You could have separate hospitals, separate schools, separate residences and so forth, but there would be no separate roads for whites, there would be no separate robots for Africans and so forth. This is one place where apartheid was not implementable.
The spirit of the House, starting from yesterday, from the Minmec, was that this is a doing department here to serve all our people, irrespective of whatever locality they are at. They will need transport and the spirit displayed by the House here is a very important beginning for all of us.
I will respond to some of the issues raised here. Comrade Newhoudt-Druchen raised the issue of signage, for example. I think those issues must be taken on board immediately, because the issue of ensuring that there is this equal treatment of our people no matter what must be noted. We should reach out and we really thank you for the input you have made.

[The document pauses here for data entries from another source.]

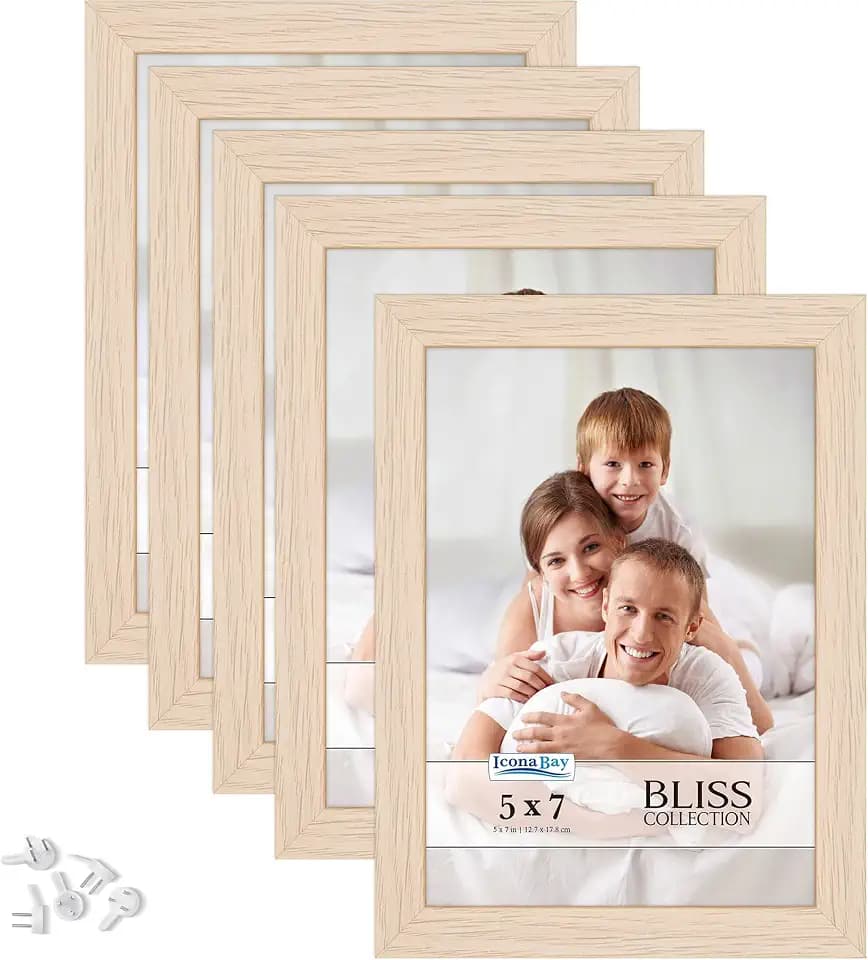 5x7 Picture Frames, Light Oak, 5 Pack, Modern Engineered Wood, Bliss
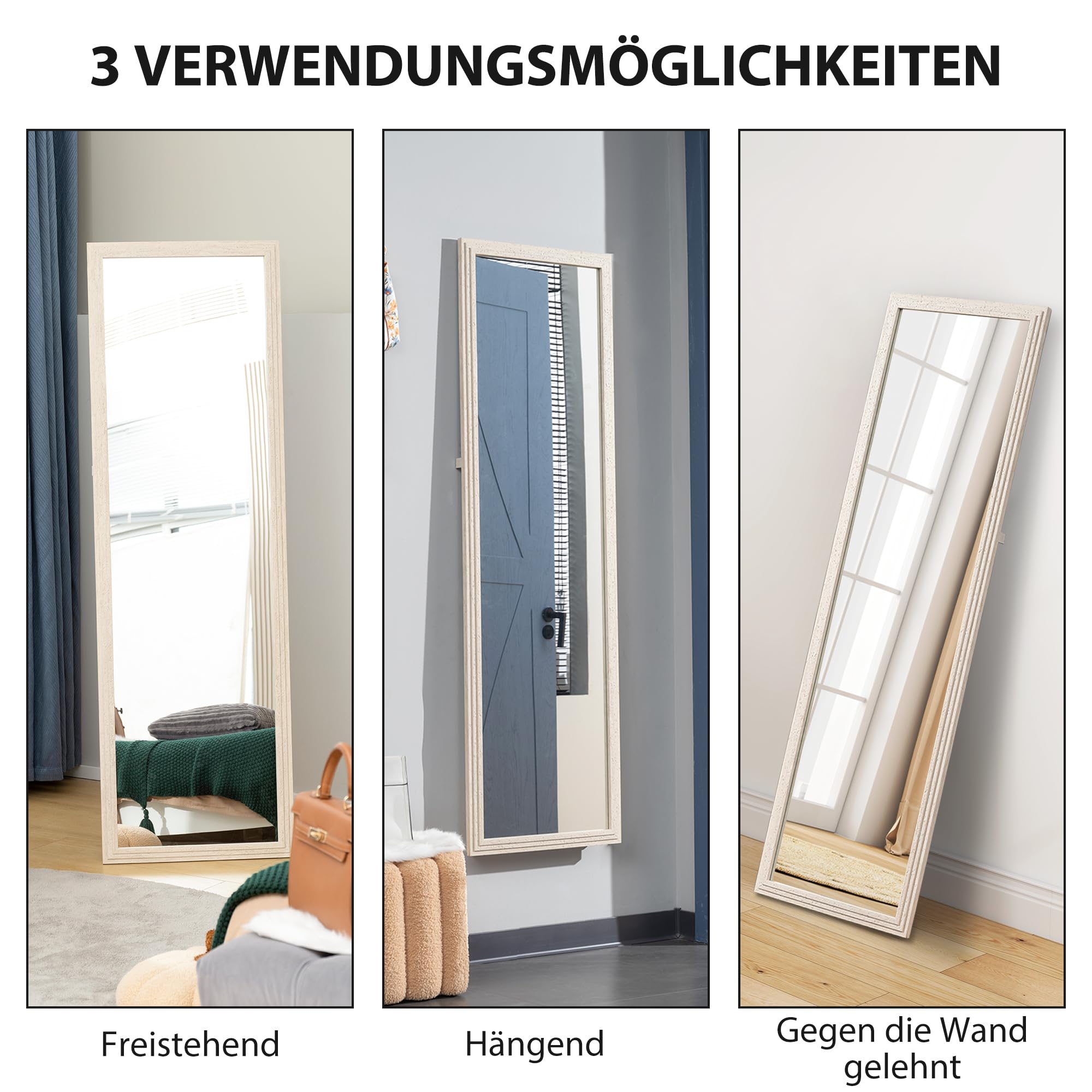 HOMCOM Ganzkörperspiegel 160 x 50 cm Rechteckig Standspiegel mit Steinoptik, Splitterfrei Wandspiegel zum Anlehnen, Stehen, Spiegel für Wohnzimmer, Schlafzimmer, Flur, Weiß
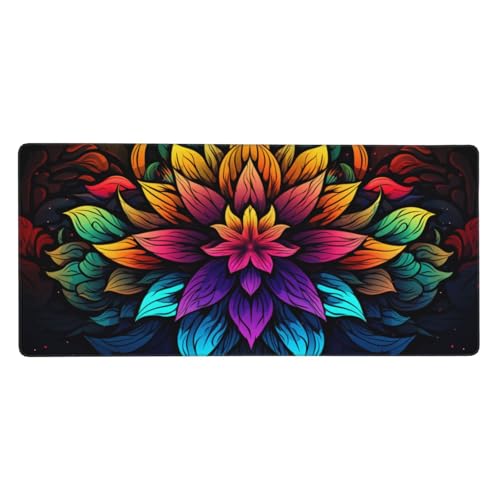 Blume Mauspad XXL 1000x500x3 mm, Groß Gaming Mauspad Mandala Design Vernähte Kanten, XXL Mousepad Wetterfest Anti Rutsch Mousepad Präzision und Geschwindigkeit für PC Laptop Verbessert, Gaming Deko von Feeaxeae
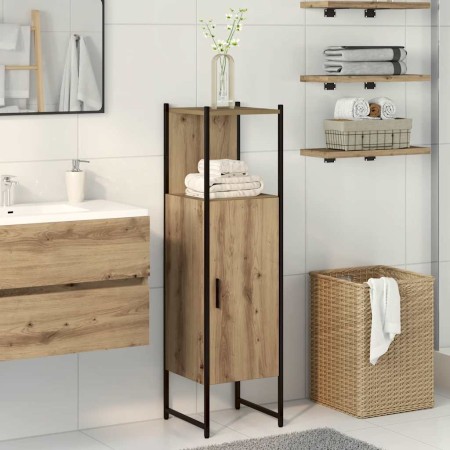 Armario de baño madera ingeniería roble artisan 33x33x120,5 cm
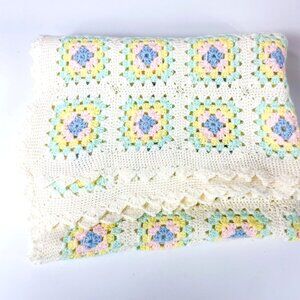 Handmade Crochet Baby Blanket Granny Squares 24" X 40" Pastel Colors Afghan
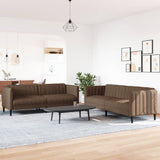 Ensemble de canapés 2 pcs marron tissu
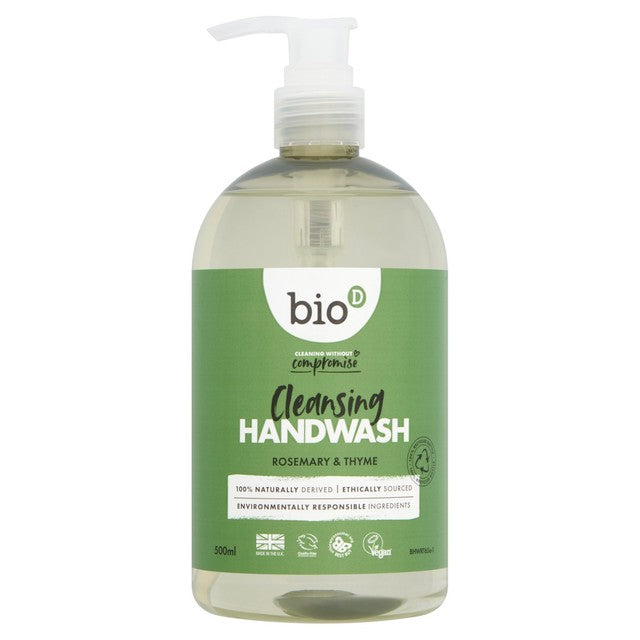 Bio-D hand wash with rosemary and thyme 500ml - British product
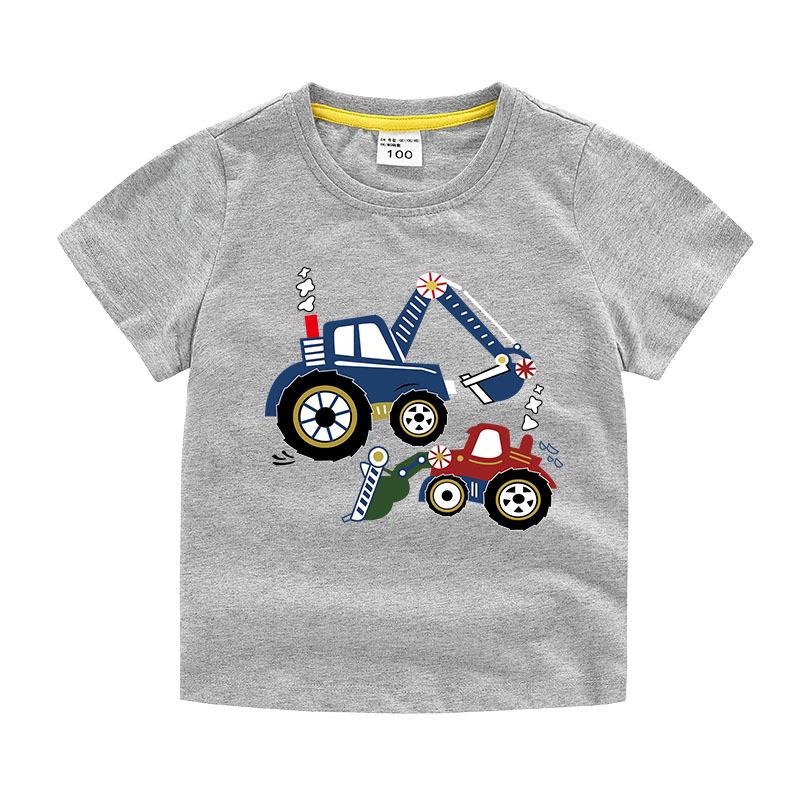 New Boys' Pure Cotton Short-Sleeve Printed T-Shirt - Round Neck Summer Top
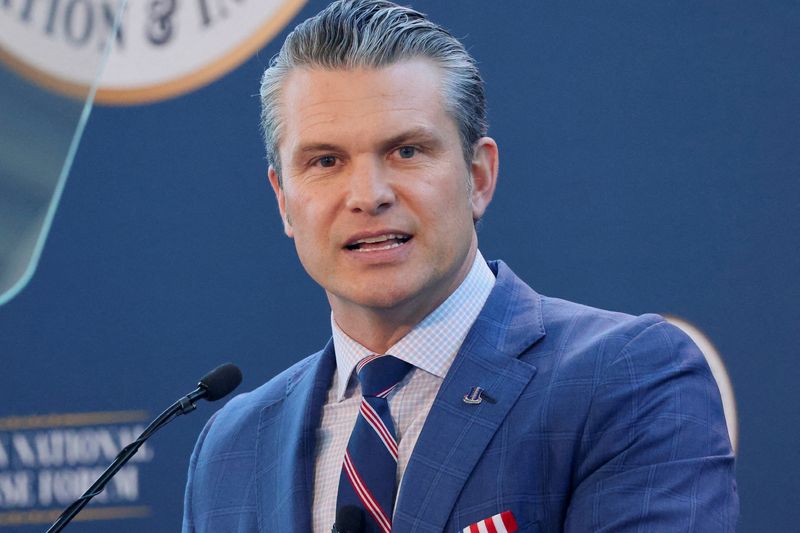 FILE PHOTO: U.S. Secretary of Defense Pete Hegseth speaks during the Reagan National Defense Forum at the Ronald Reagan Presidential Library in Simi Valley, California, U.S., December 6, 2025. REUTERS/Jonathan Alcorn/File Photo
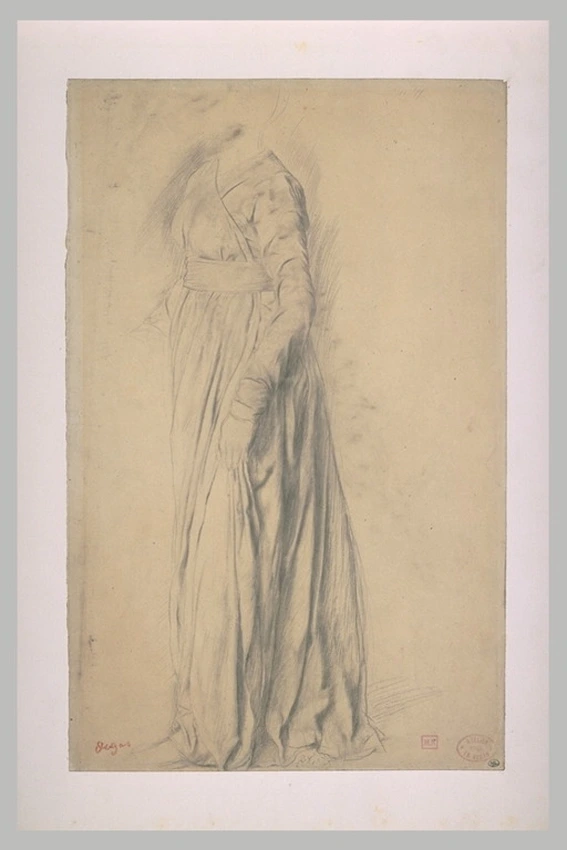Edgar Degas - Femme vêtue d'une longue robe, debout, de profil à gauche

I will just be making random comments. We have concluded, as a department, the national, provincial and municipal network assessment of roads and the infrastructure required. Overload control is one of the major issues that we want to be concentrating on. That is why the issue of the Passenger Rail Agency of South Africa Prasa has become so important to ensure that there is absolute efficiency at that level, so that we don't have freight companies preferring road because rail will be inefficient. The damage to the country's economy is really not measurable, if you have got those massive trucks on the road carrying things that could easily be carried on rail and rail is where the country has already invested, if the rail is not used, it then lies idle whereas there is no shortage of road users. We want to ensure that these efficiencies are sorted out by ourselves.
The issue of road safety, as we know from experience, is an issue that we can do something about. That is why, starting with the driving licences going through these demerits systems, we have spoken about it too long, we have spoken about the Administrative Adjudication of Road Traffic Offences, Aarto, so that we do not clog our courts. We are through with the legal part of it and it's now going to be implementation. All of us agree that we must now go and implement that.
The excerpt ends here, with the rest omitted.